• Mon
  • Dec 22, 2014
  • Updated: 5:01am

Developers in two minds over rebound

PUBLISHED : Wednesday, 08 September, 2010, 12:00am
UPDATED : Wednesday, 08 September, 2010, 12:00am

Mainland developers are caught in a dilemma. When sales rise, they don't know if they should rejoice that market sentiment has turned in their favour or be afraid that the government will introduce more cooling measures.

Last month, for example, property sales and prices rebounded after Beijing introduced cooling measures in mid-April, giving new hope for a market recovery. But that, in turn, led to widespread concern that the government might unleash another round of tightening measures to tame prices. And now, as September takes off - traditionally a month of heavy sales - developers are doubly worried.

'Buying interest has returned and there hasn't been any significant drop in home prices. We are now worried that a further rise in home prices might invite more government intervention,' Clement Luk, Centaline Property Agency's chief executive for the east and northeast, said.

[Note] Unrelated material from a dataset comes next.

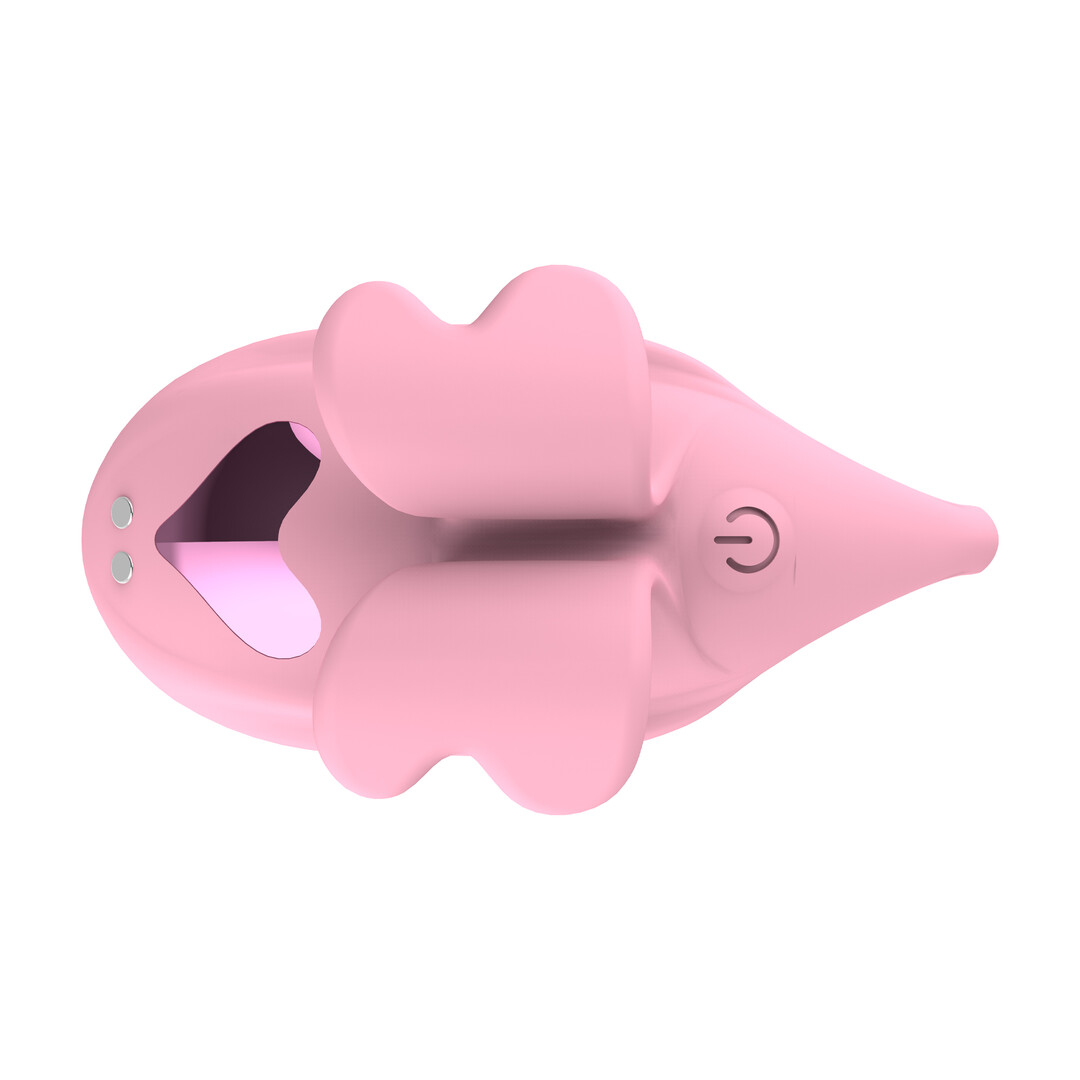Vinger Dubbele Vibrator - Roze - Afbeelding 6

More austerity measures, such as a property tax, are expected to be launched this year as Beijing tries to drag down property prices as part of efforts to avoid social unrest. Luk said potential buyers would retreat at the first signs of fresh cooling measures.

Of the 30 cities monitored by property website Soufun, 26 registered a month-on-month rise in property sales last month. Of these 26 cities, 11 recorded more than a 50 per cent rise by sales area from July, while month-on-month home prices in major cities saw a slight increase of 1 to 7 per cent.

Prices in first-tier cities have been growing steadily. Home prices in Shanghai rose 0.67 per cent last month from July, while Shenzhen's were up 6.95 per cent, Guangzhou home prices increased 6.58 per cent and Beijing's were up 5.4 per cent.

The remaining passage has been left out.